原判決のように狭い、特許の要旨を無視した誤つた解釈に立つと、誤記の訂正は全く誤字の訂正のみに限られてしまい、法第一二六条第一項の誤記の訂正の規定の存在意義が全く没却せられてしまうのである。
1 昭和三十三年審判第三六二号事件(甲十八号証の一、二)
この事件は特許請求の範囲における「約九十度以上」は誤記であるから「約九〇〇度以上に」と訂正し且つ発明の詳細なる項においても同様な訂正をしたい旨の申立に対し、これを認可したものである。この事例においても特許請求の範囲には九十度を意味する事項について何等記載するところがなく、又本件明細書の全文すなわち「発明の詳細な説明」「特許請求の範囲」の各項を通じて、「九〇度以上」と一貫して記載せられてあるに拘らず明細書の全文から九百度の誤記と認定しているのである。又字句の訂正についても不統一を是正するものであるとしてこれを肯定している。
2 昭和三十三年審判第五一二号(甲十九号証の一、二)
この事件は特許請求の範囲その他にある二個のclの内一個をOHに訂正申立をする他明細書中の4種類の部分につき訂正申立をなした事例であるが右1の事例同様明細書全体の記載からみて誤記の訂正であることが明確でありその他の申立事項についても明細書の内容を正確に理解させるために役立つ不明瞭な記載の釈明であるとして訂正申立を認めているのである。
(3) 而して本件特許は、三工程からなつていることは特許請求の範囲に明記せられているところであり、この内第一工程である冷蔵工程が「餅生地を規定の容器に充填して約三日間三乃至五度Cの冷気中に冷蔵する」ことであることは、あられ菓子業者にとつては全くの公知なる事実であつたのである。

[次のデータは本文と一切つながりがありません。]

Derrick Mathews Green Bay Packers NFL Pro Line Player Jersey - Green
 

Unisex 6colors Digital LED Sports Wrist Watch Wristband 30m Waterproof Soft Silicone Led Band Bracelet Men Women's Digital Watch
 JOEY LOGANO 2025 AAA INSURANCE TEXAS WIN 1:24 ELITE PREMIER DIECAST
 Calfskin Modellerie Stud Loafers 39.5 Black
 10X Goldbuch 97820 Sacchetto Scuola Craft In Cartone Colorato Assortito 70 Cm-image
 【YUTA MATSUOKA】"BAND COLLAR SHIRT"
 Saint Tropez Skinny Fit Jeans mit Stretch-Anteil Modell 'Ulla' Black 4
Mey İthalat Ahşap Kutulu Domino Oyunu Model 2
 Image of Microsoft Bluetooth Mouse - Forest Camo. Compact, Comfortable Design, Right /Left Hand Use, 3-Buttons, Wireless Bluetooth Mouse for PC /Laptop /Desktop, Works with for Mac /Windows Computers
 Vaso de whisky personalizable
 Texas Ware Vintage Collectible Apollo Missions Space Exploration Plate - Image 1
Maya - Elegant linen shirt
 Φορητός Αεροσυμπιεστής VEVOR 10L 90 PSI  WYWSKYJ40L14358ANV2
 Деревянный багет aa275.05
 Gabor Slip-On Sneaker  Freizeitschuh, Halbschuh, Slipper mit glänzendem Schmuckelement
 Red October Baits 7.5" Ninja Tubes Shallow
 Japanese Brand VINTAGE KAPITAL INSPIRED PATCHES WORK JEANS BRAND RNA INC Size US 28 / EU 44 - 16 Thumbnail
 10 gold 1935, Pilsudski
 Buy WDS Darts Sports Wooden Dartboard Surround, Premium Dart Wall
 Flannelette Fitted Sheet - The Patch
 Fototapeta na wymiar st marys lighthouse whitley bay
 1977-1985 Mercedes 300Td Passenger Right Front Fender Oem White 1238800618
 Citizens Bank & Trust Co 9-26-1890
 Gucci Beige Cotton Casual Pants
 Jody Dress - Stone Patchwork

従つて本件特許においても公知なる工程として三乃至五度Cと記載すべきところを三乃至五度Fと誤記してしまつたものであり、かかる公知なる技術方法の記載部分については当然の誤記として訂正を許可すべきものであり、過去の判例も認容しているのである。
左記に公知技術の訂正許可の判例及び特許権の範囲の特定に関する判例を掲記する。
1 昭和三七年六月二八日東高判昭和三二年(行ナ)第三三号行裁例集一三巻六号一一七八頁
判決要旨、「訂正補充がこれによつて新規な技術方法を開示するものではなく、単なる従来の公知技術方法を記載し、出願方法もこれによるものであることを明らかにするものにすぎないような場合には、明細書が不完全に作成された場合における不明瞭な記載の釈明と解すべく、これによつて要旨の変更をきたさない。」
2 最高昭和三七年一二月七日二小判昭和三六年(オ)四六四号民集一六巻一二号二三二一頁
判決要旨、「いかなる発明に対して特許権が与えられたかを勘案するに際しては、その当時の技術水準を考えざるを得ない。」
以上の審決例及び判例からみても原判決が明細書記載内容を全く無視し、単に特許請求範囲記載の字句のみをとらえて判断した違法なものであることは明瞭である。
以上縷述の如く本件誤記訂正の申立は先例を待つまでもなく法第一二六条第二項の解釈と、本件特許発明要旨を仔細に検討考察すれば、当然認容せられて然るべきものであり原判決は到底破棄を免れぬものである。